Description
Is your feature request related to a problem?
When using a "fluent"/"method chaining" style of programming with pandas, a common hiccup is the lack of a method for selecting columns from a DataFrameGroupBy
object. For example, take this DataFrame
import pandas as pd
df = pd.DataFrame(dict(
x=[1, 2, 3, 4, 5, 6],
y=[2, 4, 6, 1, 2, 3],
a=["a", "b", "c", "a", "b", "c"],
b=["x", "x", "y", "z", "z", "z"],
))
To group by one column and then return the mean of another column within each group, one has to use multiple syntactical constructs:
(
df
.groupby("a")
["x"]
.mean()
)
There is also dot-attribute access columns:
(
df
.groupby("a")
.x
.mean()
)
but that is not fully general: it won't work if your column name collides with an existing method, and it won't work if the column is defined by a variable.
Another option is to select the column first then groupby using a series, not a name:
(
df["x"]
.groupby(df["a"])
.mean()
)
This is not so bad.

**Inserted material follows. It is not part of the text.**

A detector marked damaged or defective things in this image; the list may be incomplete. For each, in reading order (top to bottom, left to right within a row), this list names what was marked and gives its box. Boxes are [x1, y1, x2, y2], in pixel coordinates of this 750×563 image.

Well, ideally each step in the pipeline would be on a new line, and it requires some duplicated typing. But the bigger issue is that it fails when you want to group by more than one column:
(
df["x"]
.groupby(df[["a", "b"]])
.mean()
)
Traceback
---------------------------------------------------------------------------
ValueError Traceback (most recent call last)
<ipython-input-14-edc38a1f02b1> in <module>
1 (
----> 2 df["x"]
3 .groupby(df[["a", "b"]])
4 .mean()
5 )
~/miniconda3/envs/py39/lib/python3.9/site-packages/pandas/core/series.py in groupby(self, by, axis, level, as_index, sort, group_keys, squeeze, observed, dropna)
1689 axis = self._get_axis_number(axis)
1690
-> 1691 return SeriesGroupBy(
1692 obj=self,
1693 keys=by,
~/miniconda3/envs/py39/lib/python3.9/site-packages/pandas/core/groupby/groupby.py in __init__(self, obj, keys, axis, level, grouper, exclusions, selection, as_index, sort, group_keys, squeeze, observed, mutated, dropna)
558 from pandas.core.groupby.grouper import get_grouper
559
--> 560 grouper, exclusions, obj = get_grouper(
561 obj,
562 keys,
~/miniconda3/envs/py39/lib/python3.9/site-packages/pandas/core/groupby/grouper.py in get_grouper(obj, key, axis, level, sort, observed, mutated, validate, dropna)
826 # allow us to passing the actual Grouping as the gpr
827 ping = (
--> 828 Grouping(
829 group_axis,
830 gpr,
~/miniconda3/envs/py39/lib/python3.9/site-packages/pandas/core/groupby/grouper.py in __init__(self, index, grouper, obj, name, level, sort, observed, in_axis, dropna)
541 if getattr(self.grouper, "ndim", 1) != 1:
542 t = self.name or str(type(self.grouper))
--> 543 raise ValueError(f"Grouper for '{t}' not 1-dimensional")
544 self.grouper = self.index.map(self.grouper)
545 if not (
ValueError: Grouper for '<class 'pandas.core.frame.DataFrame'>' not 1-dimensional
(I actually feel like this really ought to work, independently of whether it's the best solution to this Feature Request, but let's leave it aside for now).
So in summary: There's no fully-general, non-awkward method for selecting a column from DataFrameGroupBy
. While certainly not fatal, it does make fluent pandas harder to read[1] and write[2]. And this is not an esoteric application: groupby/select/apply must be one of the most common pandas workflows.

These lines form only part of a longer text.